In Bolsena the Farnese island reopens, in the name of Giulia

An island where the memory of Giulia Farnese,a photographic exhibition dedicated to her, a restored 16th century church: these are the ingredients that will accompany visitors to the Bisentina Island, on Lake Bolsena, which from Friday 21 June and until 3 November is reopened to the public for the third year, with the possibility of booking a guided tour with a new route.
After the restoration wanted by the Rovati family, owner of the island since 2017, it is accessible again the large church of Saints Giacomo and Cristoforo,a piece of history of the Farnese, the noble Renaissance family from Lazio who governed the surrounding lands through the Duchy of Castro.
Guided tours (26 euros for adults, 15 for ages 6-15) last a couple of hours and can be booked on the website www.isolabisentina.org. For transport to the island it will be necessary to purchase a separate ticket at the two departure piers: Bolsena and Capodimonte.

The church was originally built and dedicated to St.
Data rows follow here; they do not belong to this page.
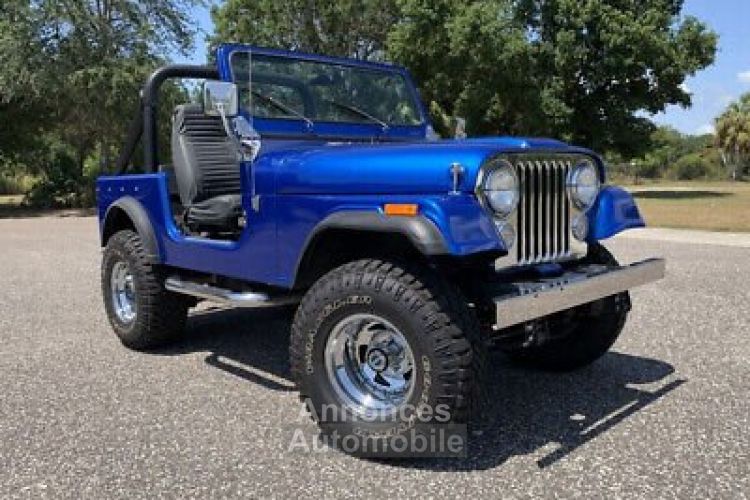 Jeep CJ5 CJ  - <small></small> 32.000 € <small>TTC</small> - #10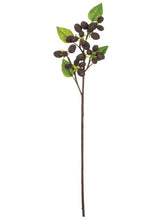 Load image into Gallery viewer, Artificial Mulberry Stem - 23&quot;
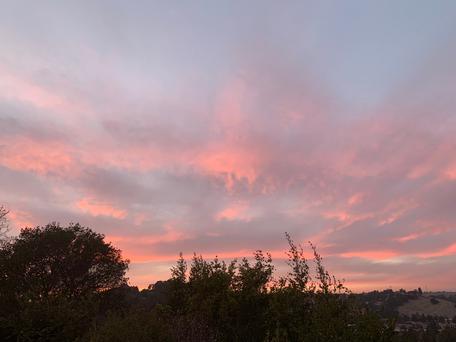 Discovering the Hidden Gem of Moraga, California: An Idyllic Family Getaway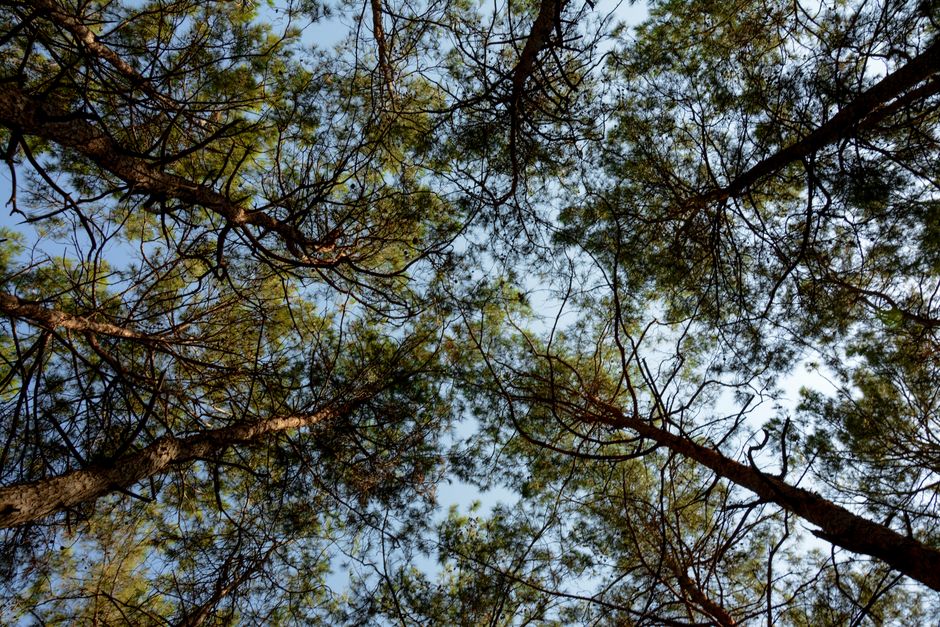 Detailed Guide to Unique Pest Challenges in the Piney Woods Region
John the Baptist by
Ranuccio Farnese the Elder, who wanted a mausoleum on the island for his family. It will be Cardinal Alessandro Farnese the Younger who will build the imposing monument that we see today: the church of Saints Giacomo and Cristoforo, whose construction began in 1588 based on a design by Giovanni Antonio Garzoni da Viggiù, and ended at the time of Odoardo Farnese at the beginning of the 17th century. It was Odoardo himself who commissioned Annibale Carracci to paint the altar paintings, which were looted over time.

The church, accessible for the first time
after a long restoration which restored the original structure leaving the signs of time to shine through, it hosts the exhibition
‘The Lady of the Unicorn. Giulia Farnese and the Bisentina Island of the photographer and director
Manfredi Gioacchini, to celebrate the 500th anniversary of the death of Giulia Farnese. Descendant of Ranuccio Farnese the elder, whose remains are kept in the church, the noblewoman was an emblematic character who linked the events of her and her family to the papacy of Alexander VI Borgia.

The only existing plaque in the church it is precisely that of Ranuccio, also restored to give it the right reading. Other family members were also buried in the church, including the young cardinal Ranuccio Farnese, Alessandro’s brother, Pierluigi Farnese and Gerolama Orsini. There is no certainty about her Giulia Farnese but in her will, still preserved in the State Archives of Naples, she expressed her desire to be buried on the island. A copy is on display for the 2024 season inside the church.

The exhibition ‘The Lady of the Unicorn. Giulia Farnese and the Bisentina island’, set up in the church, there rtells the story of Giulia Farnese’s life through images of the places she frequented,from Capodimonte to Carbognano, from Castel Sant’Angelo to Palazzo Farnese, the places that were the scene of the life and events of the very young wife of Orsino Orsini, lover of Rodrigo Borgia and sister of the future Pope, Paul III, as well as a skilled entrepreneur, benefactor and champion of women’s rights, and herself a free woman.
“This exhibition is the result of a search that began to find Giulia, but which then turned into a real one unicorn hunt”, said Sofia Elena Rovati, director of the Bisentina Island Project and curator of the exhibition, “as if this mythological animal had been chosen by her to tell about herself, in a moment in which its beauty became too uncomfortable to continue to be celebrated by the great painters of the time”. The unicorn is a way to respond to the ‘damnatio memoriae’ for “the most beautiful woman of the Renaissance” who “today does not have a face”: “He is seen portrayed sleeping in the lap of a young woman, as in Domenichino’s fresco in Palazzo Farnese in Rome”, explains Sofia Elena Rovati, “other times in decidedly more daring attitudes as in the cycle of frescoes in the Carbognano Castle; depending on where we are, the unicorn tells us a different version of Giulia’s life, making her a complex, intriguing but contemporary character. I dare say, a feminist ante litteram.”
This year the visit itinerary also includes the octagonal chapel of Santa Caterina designed by Antonio da Sangallo the Younger and located on a 22 meter high rock spur and the chapel of the Crucifix or Monte Calvario, which preserves a precious crucifix attributed to the hand of Benozzo Gozzoli. For the first time it is possible to admire also the foundation stone of the churchinside the same building.

Among the woods of the island it is possible to admire the site-specific work by Federico Gori, Il Vello d’Oro, a resin dome covered in gold leaf integrated into the oldest holm oak, to isolate it from humidity. The work began a project of commissioning contemporary artists in dialogue with the ancient monuments present on the island. This year’s initiatives include the publication of Francesco Barberini’s volume ‘In flight on the Bisentina island’ on the migratory flows and sedentary avifauna that make the island a privileged and fundamental oasis for the protection of biodiversity.